Segundo recentes estatísticas da Secretaria Estadual de Educação, cerca de dez mil professores se afastaram das salas de aula em 2015 em função de licenças médicas

Por O Dia

Rio - Segundo a Organização Internacional do Trabalho, os professores são a segunda categoria profissional que mais contrai doenças ocupacionais no mundo. São males adquiridos em função da natureza do trabalho. Só perdemos para os mineiros, que labutam a 300 metros de profundidade, respirando o pó preto do carvão.

Segundo recentes estatísticas da Secretaria Estadual de Educação, cerca de dez mil professores se afastaram das salas de aula em 2015 em função de licenças médicas. Desses, a maioria por problemas ósseos e fraturas e, em segundo lugar, por doenças psiquiátricas, com destaque para a depressão. 

Estudos realizados nas universidades da Flórida e do Arizona, nos EUA, chegaram à óbvia conclusão de que o processo depressivo dos professores afeta bastante a aprendizagem dos alunos, em especial dos que têm mais dificuldade em aprender.

Depoimentos de docentes licenciados por causas psiquiátricas apontam que a falta de pessoal de apoio e de infraestrutura em geral e o grande número de alunos em sala são os principais elementos causadores da sensação de fracasso no desempenho de suas funções que detonaram seus distúrbios.

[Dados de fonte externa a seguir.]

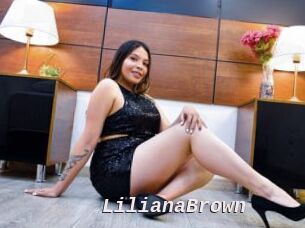LilianaBrown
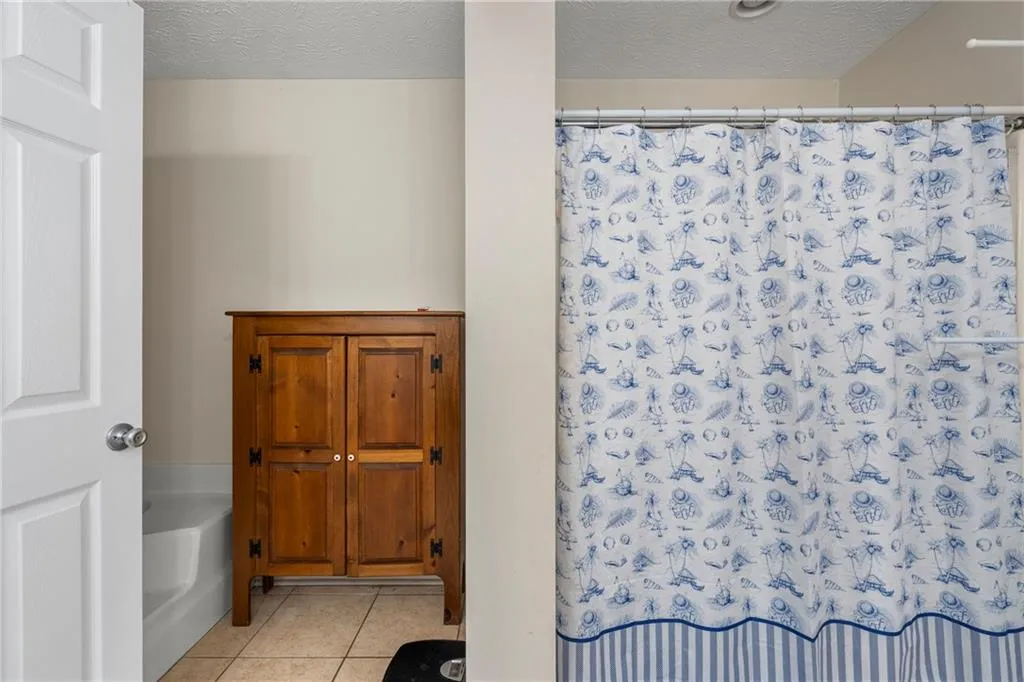 Additional image 41 of 5848 Mullins-Stroud Road, Smiths Station, AL 36877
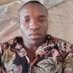 Song Chris God fearing,Man city fun ✌️✌️✌️ (@chrishsong39433) Twitter profile photo Song Chris God fearing,Man city fun ✌️✌️✌️ (@chrishsong39433) Twitter profile photo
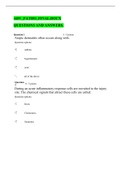 ADV_PATHO_FINAL.DOCX QUESTIONS AND ANSWERS.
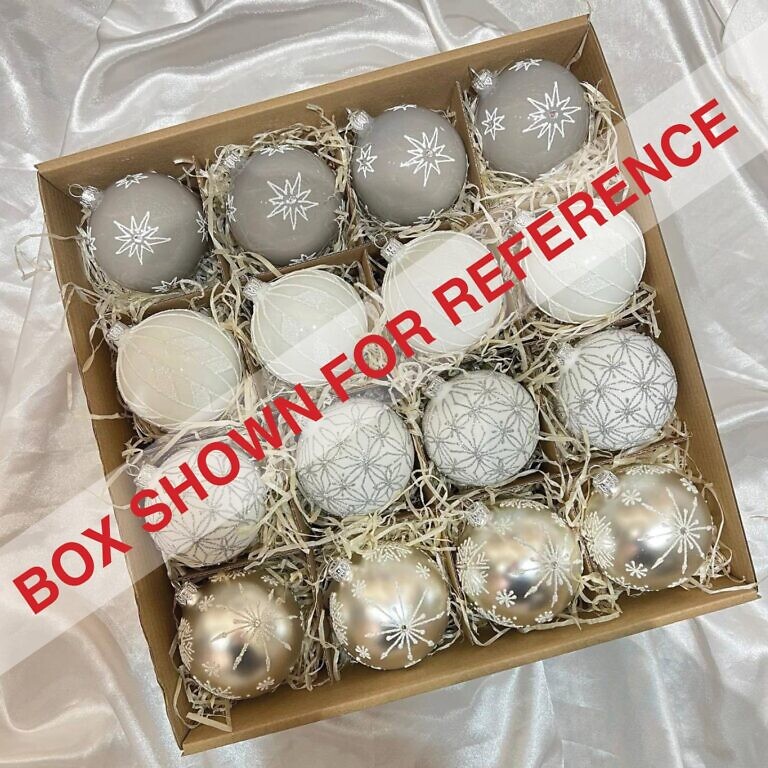 rbl_box_shown_for_reference_28914.jpg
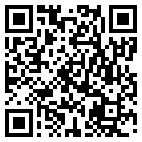 QR Code for Rote C in Davie, FL 33317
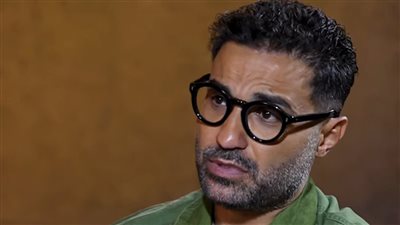 سيبت البيت 8 شهور بسببها.. أحمد فهمي يفجر مفاجأة عن علاقتها بـ هنا الزاهد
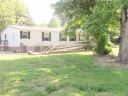 6985 Citation Street TR 39 sold home in York, SC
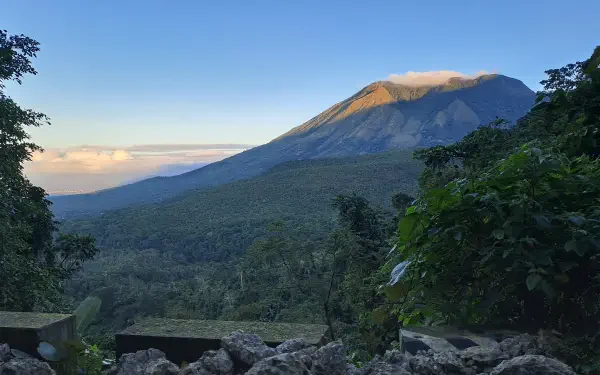 nature Filipino Philippines quezon morning HD Desktop Wallpaper | Background Image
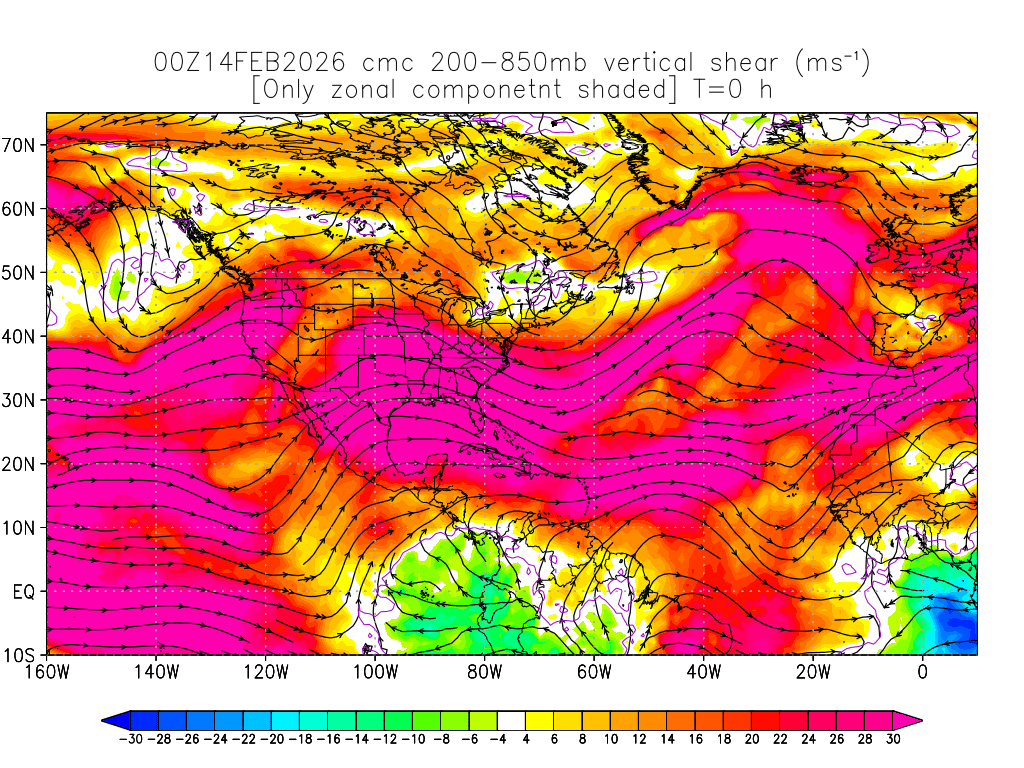 [JavaScript Image Player]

A Secretaria Estadual de Educação oferece, desde 2011, equipe de saúde e bem-estar, formada por 30 profissionais, entre assistentes sociais e psicólogos para desenvolver projetos de bem-estar e qualidade de vida no trabalho em escolas e, com isso, cuidar dos 70 mil professores que compõem a rede. Cumpre ressaltar que essa realidade não é muito diferente nos demais estados brasileiros, o que me faz alimentar a fantasia de que estamos diante de um plano articulado para adoecer os professores.

As escolas realmente precisam de profissionais de saúde mental para ajudar os docentes a lidar com situações adversas e estressantes, mas apenas prevenir as consequências sem resolver as causas assemelha-se a enxugar gelo. A estrutura de grande parte das escolas continua precária, a falta de profissionais de apoio continua bastante comum, e as turmas lotadas continuam a ser a regra.

Essa realidade, somada à ausência de uma formação continuada que verdadeiramente instrumentalize os professores a realizar a gestão da sala de aula, corroboram para a crença numa ‘conspiração magistericida’.